Mortgage Interest Tax Deduction? No, Thanks
I’m going to make a statement that is bound to divide you, dear readers, into two camps: the “Are you crazy?” folks and the “Right on, (wo)man!” people.
Are you ready?
I think the mortgage interest tax deduction is a joke, and I’d rather not claim it on my taxes.
Whew. Glad I got that off my chest.
Yes, we chose to buy a home. We know that our 5% mortgage, while at a decent interest rate, is going to have us paying $268,000 in interest over the 30-year term of the loan. That’s only $20K shy of the amount of the loan. And I think that’s sickening.
As a loan amortization table demonstrates, you’re paying the bulk of your interest in the beginning of the loan period. So our $1,550 mortgage payment is made up of $1,200 in interest. Sure, at the end of the year, that’s a lot of $$$ to deduct if you itemize your mortgage interest. But think about what you could do with all that money if it were available for investment purposes. Right now, it’s just money being paid to the bank, and for every $1 of that, you might get 35 cents back in a tax refund.
For our example, $1,200 in interest over 12 months is $14,440. The standard deduction for married filing jointly (that’s me and Mr. Saver) is $11,400. Sure, it’s $3,000 more to itemize the interest, but what we’ll get back from that is just another $1,000 or so.
I don’t think it’s worth paying the bank just to get some cash back from the government. I’m a strong advocate of paying toward your mortgage principal and knocking down the amount of interest that the bank is getting. The lower the principal amount, the less you’ll be paying in interest.
I’ve broken down how just small monthly extra principal payments or yearly lump-sum payments can shorten our 30-year mortgage anywhere from 2 to 10 years, saving up to $50,000 in interest. That’s nothing to sneeze at.
It may not be a fully sustainable plan — I’m sure if and when kids come into the picture, it will cause us to reassess where our money goes — but the beauty of it is that we can choose how and when we want to make those extra payments.
If our extra payments knock down the amount of interest we can claim on my taxes next year, so be it.

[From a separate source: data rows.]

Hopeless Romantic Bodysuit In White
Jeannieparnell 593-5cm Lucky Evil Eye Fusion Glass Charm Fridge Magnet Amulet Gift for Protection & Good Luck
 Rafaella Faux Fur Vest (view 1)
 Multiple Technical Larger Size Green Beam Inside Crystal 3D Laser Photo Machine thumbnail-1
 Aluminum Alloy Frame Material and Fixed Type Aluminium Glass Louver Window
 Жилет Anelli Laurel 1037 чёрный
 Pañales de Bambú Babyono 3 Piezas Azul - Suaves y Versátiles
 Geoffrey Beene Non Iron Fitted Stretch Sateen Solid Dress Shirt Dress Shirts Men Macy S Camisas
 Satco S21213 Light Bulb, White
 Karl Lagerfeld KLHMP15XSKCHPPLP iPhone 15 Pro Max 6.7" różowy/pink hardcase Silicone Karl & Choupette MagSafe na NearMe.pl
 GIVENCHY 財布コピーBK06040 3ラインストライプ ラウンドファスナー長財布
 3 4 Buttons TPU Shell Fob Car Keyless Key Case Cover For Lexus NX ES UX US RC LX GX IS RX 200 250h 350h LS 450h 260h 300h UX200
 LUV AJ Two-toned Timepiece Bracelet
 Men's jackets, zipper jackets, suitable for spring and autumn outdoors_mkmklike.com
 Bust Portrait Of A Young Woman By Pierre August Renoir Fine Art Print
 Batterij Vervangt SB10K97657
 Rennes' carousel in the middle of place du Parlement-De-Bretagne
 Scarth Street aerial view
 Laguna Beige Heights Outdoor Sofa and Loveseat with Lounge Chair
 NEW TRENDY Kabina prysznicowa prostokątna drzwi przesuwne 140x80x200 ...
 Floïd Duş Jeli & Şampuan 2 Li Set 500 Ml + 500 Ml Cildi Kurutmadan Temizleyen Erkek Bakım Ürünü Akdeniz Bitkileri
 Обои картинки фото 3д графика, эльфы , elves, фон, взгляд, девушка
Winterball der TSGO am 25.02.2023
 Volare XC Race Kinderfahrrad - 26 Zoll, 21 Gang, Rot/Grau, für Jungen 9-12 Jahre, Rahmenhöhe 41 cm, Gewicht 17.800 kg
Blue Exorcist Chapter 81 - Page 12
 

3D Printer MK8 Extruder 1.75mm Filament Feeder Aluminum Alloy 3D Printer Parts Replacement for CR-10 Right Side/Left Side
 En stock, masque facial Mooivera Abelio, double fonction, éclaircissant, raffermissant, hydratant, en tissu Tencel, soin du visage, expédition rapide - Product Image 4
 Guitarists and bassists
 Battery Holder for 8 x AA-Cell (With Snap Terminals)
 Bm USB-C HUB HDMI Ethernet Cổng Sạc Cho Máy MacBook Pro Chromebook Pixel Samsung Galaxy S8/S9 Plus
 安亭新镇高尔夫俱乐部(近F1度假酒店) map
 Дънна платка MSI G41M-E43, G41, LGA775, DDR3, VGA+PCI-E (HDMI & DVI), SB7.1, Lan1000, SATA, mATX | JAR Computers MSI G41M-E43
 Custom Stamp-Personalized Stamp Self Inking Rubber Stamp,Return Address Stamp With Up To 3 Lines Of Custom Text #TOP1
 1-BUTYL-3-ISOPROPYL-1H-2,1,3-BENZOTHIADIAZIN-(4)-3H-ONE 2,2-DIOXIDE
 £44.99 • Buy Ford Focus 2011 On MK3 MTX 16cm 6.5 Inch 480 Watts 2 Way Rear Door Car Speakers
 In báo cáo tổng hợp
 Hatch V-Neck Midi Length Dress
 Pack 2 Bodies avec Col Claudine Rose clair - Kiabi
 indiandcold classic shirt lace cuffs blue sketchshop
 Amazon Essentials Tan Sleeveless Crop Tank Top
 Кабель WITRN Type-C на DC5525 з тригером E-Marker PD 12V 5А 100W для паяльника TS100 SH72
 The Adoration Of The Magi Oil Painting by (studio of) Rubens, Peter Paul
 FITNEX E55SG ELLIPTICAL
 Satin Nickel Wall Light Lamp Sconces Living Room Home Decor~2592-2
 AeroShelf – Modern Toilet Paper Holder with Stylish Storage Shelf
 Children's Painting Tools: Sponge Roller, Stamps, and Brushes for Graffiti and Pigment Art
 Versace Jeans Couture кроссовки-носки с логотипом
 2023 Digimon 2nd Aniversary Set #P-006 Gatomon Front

I’ll be laughing my way to the bank with the money we’ll have saved down the line. And knowing our home will be paid off before our retirement will be an added bonus.
FDIC Chairwoman Questions the Deduction
What’s even more interesting is that Foxbusiness.com is reporting that FDIC Chairwoman Shelia Bair has gone so far as to cite the mortgage interest tax deduction as one of the causes of the current banking crisis. Of the federal tax and credit subsidies, Bair said, “We must avoid policies that encourage such economic distortions.”
So do the tax deductions and the First Time Homebuyer’s Credit push more Americans into buying homes that they can’t afford, all while causing the values to drop? I have to agree with this thinking — to a point. Sure, getting back $8,000 for purchasing your first home is pushing some buyers into homes before they’re ready, but shouldn’t the banks also be held responsible for subprime lending practices?